DecodeGenetics / graphtyper

Population-scale genotyping using pangenome graphs
http://dx.doi.org/10.1038/ng.3964
MIT License
167 stars 20 forks source link

Long-read assemblies #71

Open z1242099843 opened 3 years ago

z1242099843 commented 3 years ago

I'd like to include the Long-read assemblies file when identifying structural variations.How do I get Long-read assemblies SVS_VCF files?

z1242099843 commented 3 years ago

Precisely, how to get the BAM file of Long-read assemblies file?

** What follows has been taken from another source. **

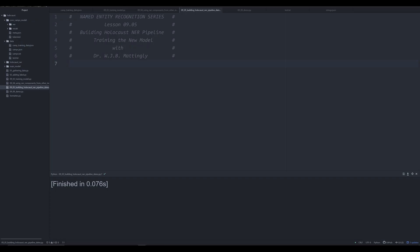Hello and welcome back to this series on spaCy and NER or named entity recognition for the purpose of the digital humanities.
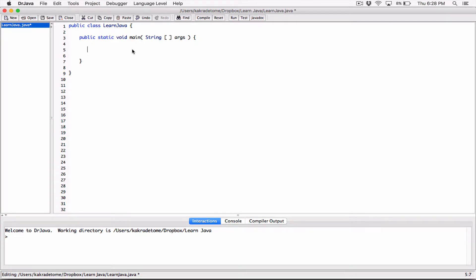Let's see a quick example of how we can mix the JOptionPane's showMessageDialog and the JOptionPane's showInputDialog in a mini program similar to the previous one we did, but with a little bit of variation.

hannespetur commented 3 years ago

Hello, if you some assemblies in FASTA you can generate a VCF (not BAM) using dipcall, see: https://github.com/lh3/dipcall

This is what we used in our SV paper.

Best, Hannes

z1242099843 commented 3 years ago

Hello, if you some assemblies in FASTA you can generate a VCF (not BAM) using dipcall, see: https://github.com/lh3/dipcall

This is what we used in our SV paper.

Best, Hannes

Thank you,I got it. But I used dipcall to get two VCF: prefix.pair.vcf.gz,prefix.dip.vcf.gz. The prefix.dip.vcf.gz was added to VCF list to be used by svimmer. But it prompts an AssertionError. Here is the Error: multiprocessing.pool.RemoteTraceback: """ Traceback (most recent call last): File "/public/home/yao/miniconda3/lib/python3.7/multiprocessing/pool.py", line 121, in worker result = (True, func(*args, **kwds)) File "/public/home/yao/miniconda3/lib/python3.7/multiprocessing/pool.py", line 47, in starmapstar return list(itertools.starmap(args[0], args[1])) File "/public/home/yao/bin/svimmer", line 75, in append_svs_from_vcf svs.append(SV(record, check_type=not args.ignore_types, join_mode=args.join_mode, output_ids=args.ids)) File "/public/home/yao/software/svimmer-0.1/sv.py", line 75, in init assert False AssertionError """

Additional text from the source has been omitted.